Converting percent by volume to oz/gal HN03

A. Xp ee,
This would be easier to demonstrate if you'd given an example of the calculation you need to make. However, I learned a long time ago in science class that you can get pretty far just by taking the numbers you have and seeing what unit conversions you can make, heading in the direction of the units you want to end up with.

In your case, you start with v/v, let's say liter/liter, probably liters of some specific component X per liters of total solution. You have (presumably) the specific gravity of X, which is a fancy term for unitless density, though it so happens that because the metric density of water is 1, you can add on metric units with no change to the number. So you have the density of X in kilograms/liter.

In which case, you can multiply your v/v concentration by the density, giving you:

(L X / total L) * (kg X / L X) = kg X / total L

But wait! Was X a pure substance, or was it a stock concentrated solution?

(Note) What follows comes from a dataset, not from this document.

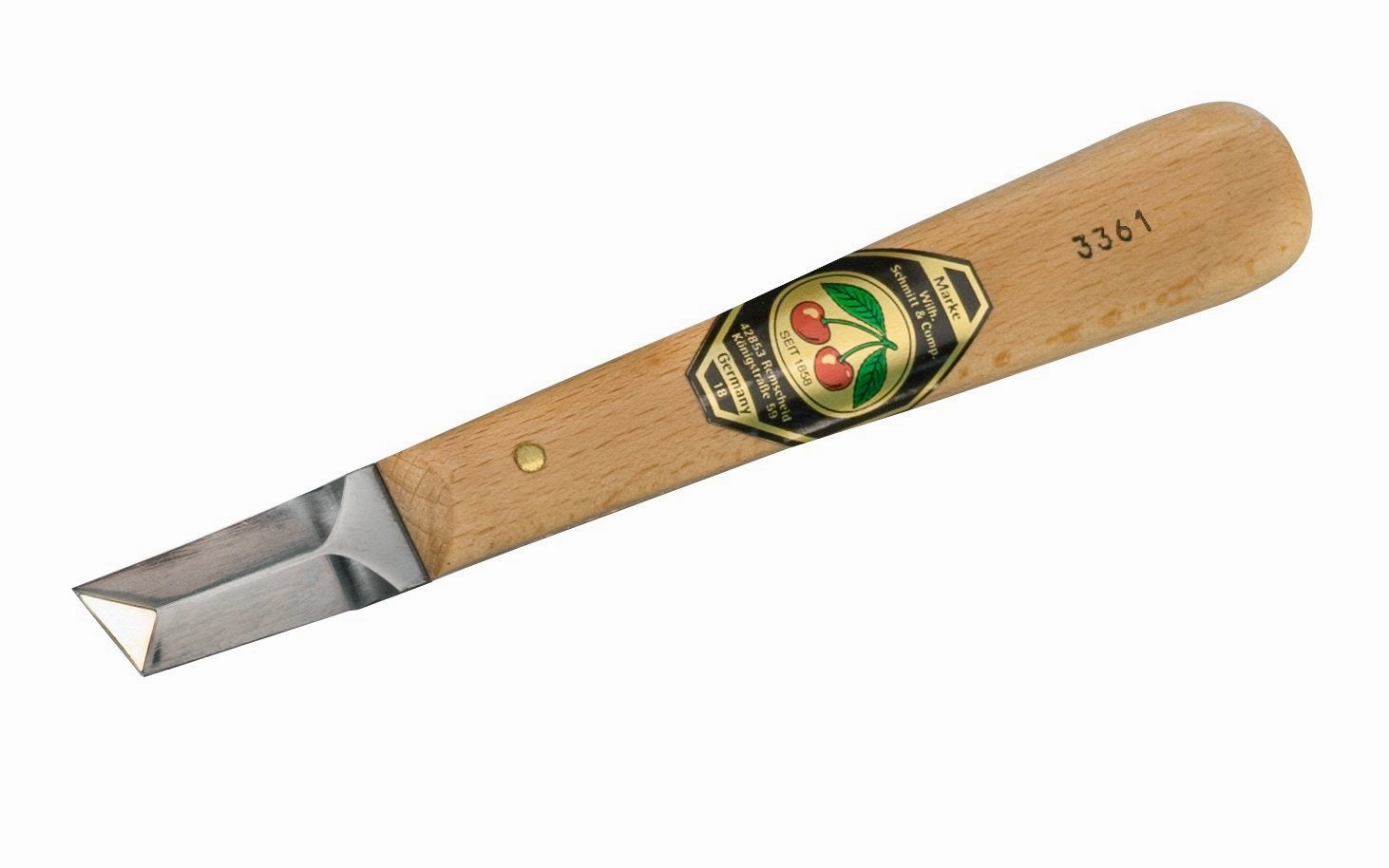 Two Cherries Chip Carving Knife ~ Straight Blade, Three Edges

Maybe your solution X was 75 wt% of Y and 25 wt% water, and the w/v you want is kg Y / total L, not kg X / total L. In which case:

(L X / total L) * (kg X / L X) * 0.75 (kg Y / kg X) = kg Y / total L

A. Brooke,
That is generally the case, although also generally the recipe or standard will describe the stock solutions in terms of weight percent or specific gravity or some such.

Some acids in their "pure" form are anhydrous powders, while others are essentially never available outside of aqueous solution.